The Orionid meteor shower – named because they appear to come from the constellation Orion – will peak this Wednesday.
The annual meteor shower is caused by the Earth passing through dust and debris left by Halley’s Comet, which is visible to the naked eye from every 75 or 76 years.
The meteor shower is visible in both the northern and southern hemispheres during the hours after midnight.

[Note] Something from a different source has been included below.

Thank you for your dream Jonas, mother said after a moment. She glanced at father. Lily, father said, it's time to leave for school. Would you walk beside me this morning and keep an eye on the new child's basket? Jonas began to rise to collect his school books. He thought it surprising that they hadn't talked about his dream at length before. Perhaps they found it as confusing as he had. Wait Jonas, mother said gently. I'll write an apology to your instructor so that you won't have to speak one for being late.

Halley’s Comet last appeared within the inner solar system in 1986, and is expected to return in 2061.
According to NASA, the Orionids “are considered to be one of the most beautiful showers of the year” and the meteors are known for their brightness and speed.
Potentially up to 25 shooting stars can be seen every hour at their peak on Wednesday, around midnight, although the shower itself will continue through to November.
The meteors are travelling very fast, at about 148,000 mph (66 km/s), when the enter Earth’s atmosphere, meaning they sometimes leave glowing “trains” behind them.
These trains are formed of incandescent bits of debris which can sometimes glow for several seconds, and potentially even minutes if conditions are right.
To spot the shooting stars, astronomers recommend wrapping up warm and finding a dark spot, away from light pollution, and be prepared to wait.
If you can avoid falling asleep, NASA recommends lying on your back with your feet pointing to the south east, and keep your naked eyes open and capturing as much of the sky as possible.
The largest of the fast meteors can also sometimes become fireballs, and NASA advises amateur astronomers to look for prolonged explosions of light when viewing the Orionids.